━━━ RECORDS TO PROCESS
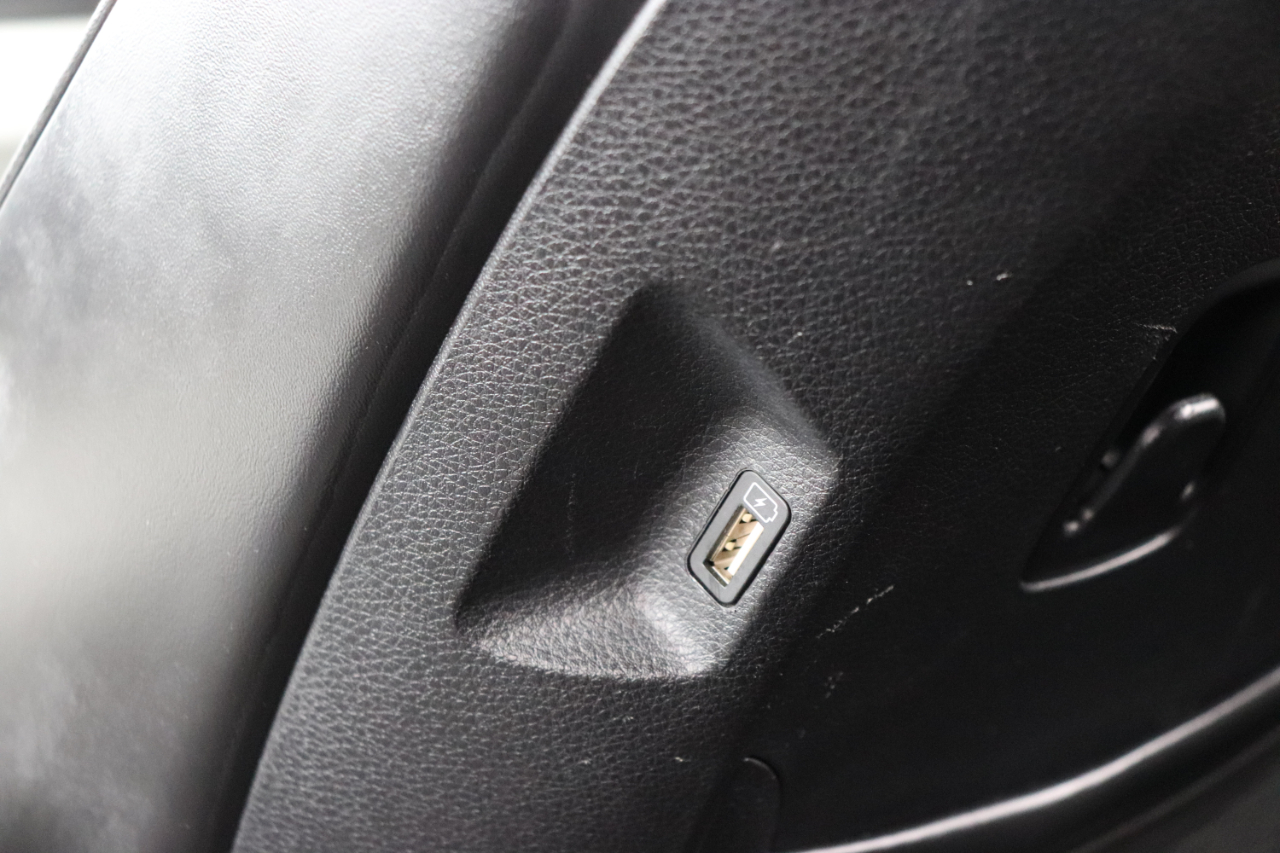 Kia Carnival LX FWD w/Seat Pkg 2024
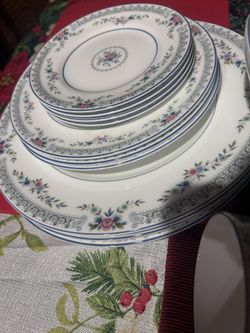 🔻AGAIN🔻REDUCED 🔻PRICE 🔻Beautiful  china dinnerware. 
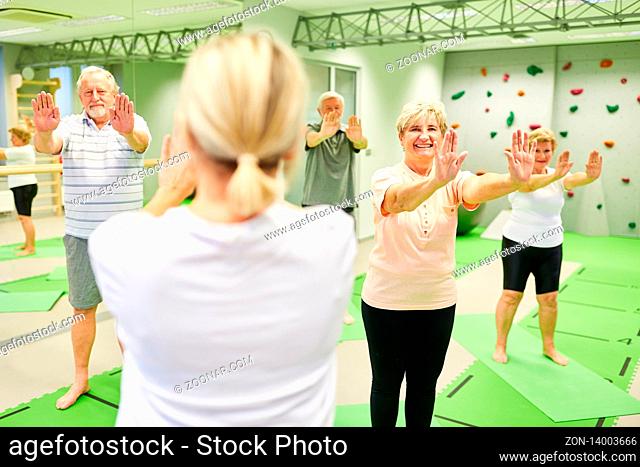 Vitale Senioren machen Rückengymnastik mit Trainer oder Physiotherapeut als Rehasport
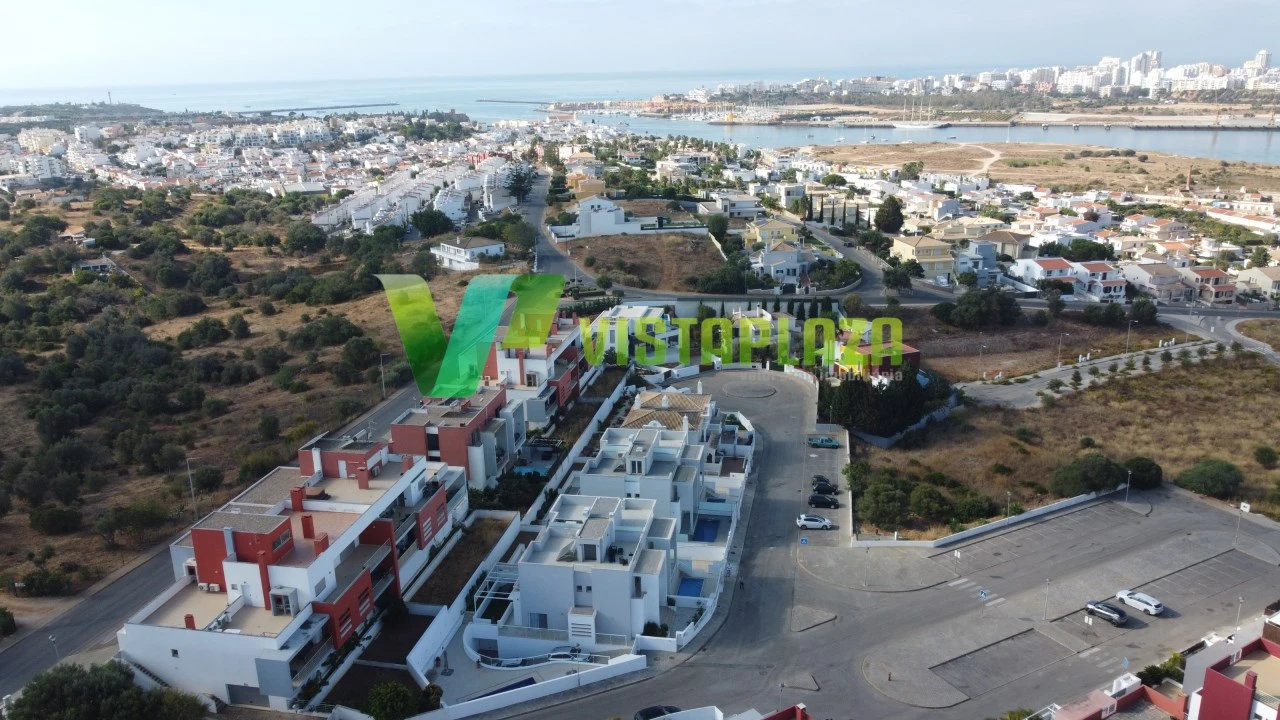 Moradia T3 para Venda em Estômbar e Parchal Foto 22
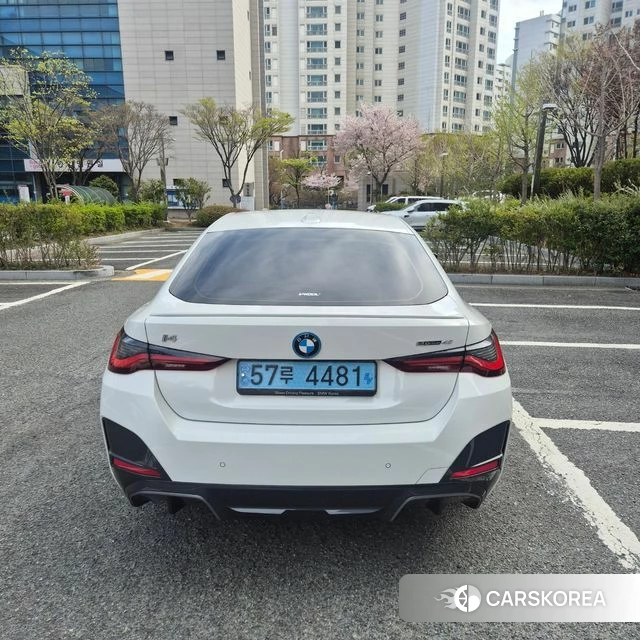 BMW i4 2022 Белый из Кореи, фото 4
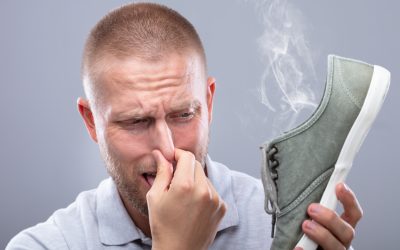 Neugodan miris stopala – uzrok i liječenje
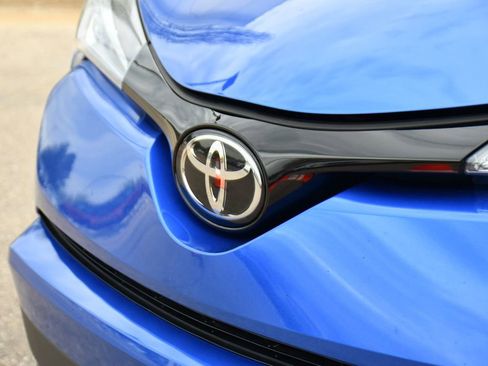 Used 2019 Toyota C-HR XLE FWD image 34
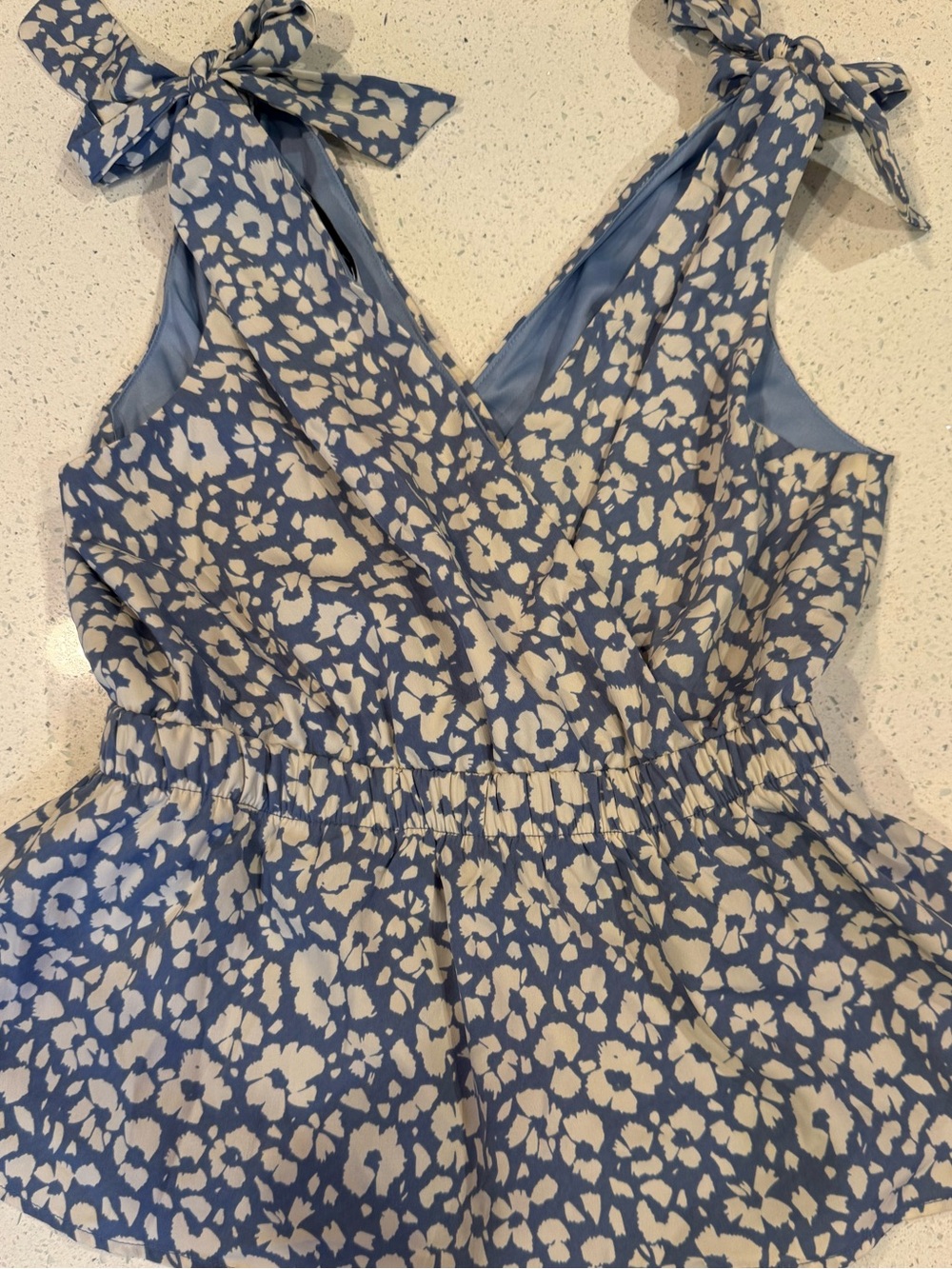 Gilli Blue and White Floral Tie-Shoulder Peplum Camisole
━━━━━━
━━━ RECORDS TO PROCESS
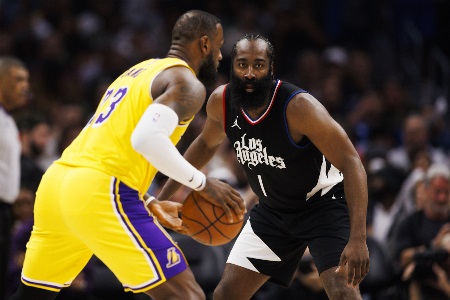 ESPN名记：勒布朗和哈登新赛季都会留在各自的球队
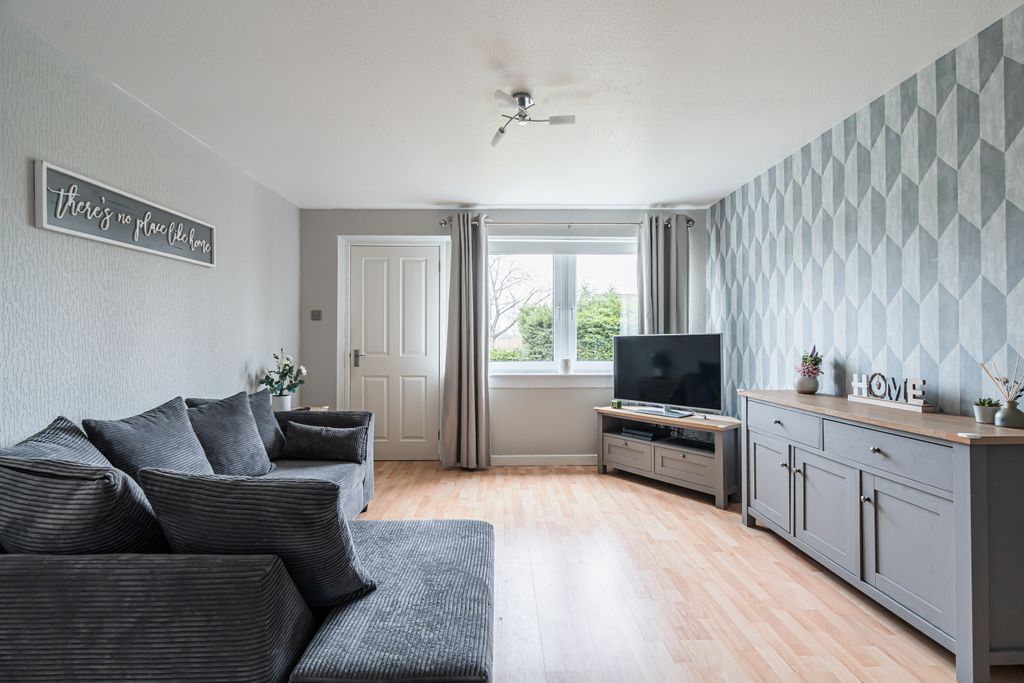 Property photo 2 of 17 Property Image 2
━━━━━━
■ **WORK REQUIRED**:
Exactly the lines starting at the one above with "Kia Carnival LX FWD w/Seat Pkg 2024" and ending at the one with "Gilli Blue and" should be printed, and nothing else. Omit the pictures.

■ **EXERCISE ANSWER**:
 Kia Carnival LX FWD w/Seat Pkg 2024
 🔻AGAIN🔻REDUCED 🔻PRICE 🔻Beautiful  china dinnerware. 
 Vitale Senioren machen Rückengymnastik mit Trainer oder Physiotherapeut als Rehasport
 Moradia T3 para Venda em Estômbar e Parchal Foto 22
 BMW i4 2022 Белый из Кореи, фото 4
 Neugodan miris stopala – uzrok i liječenje
 Used 2019 Toyota C-HR XLE FWD image 34
 Gilli Blue and White Floral Tie-Shoulder Peplum Camisole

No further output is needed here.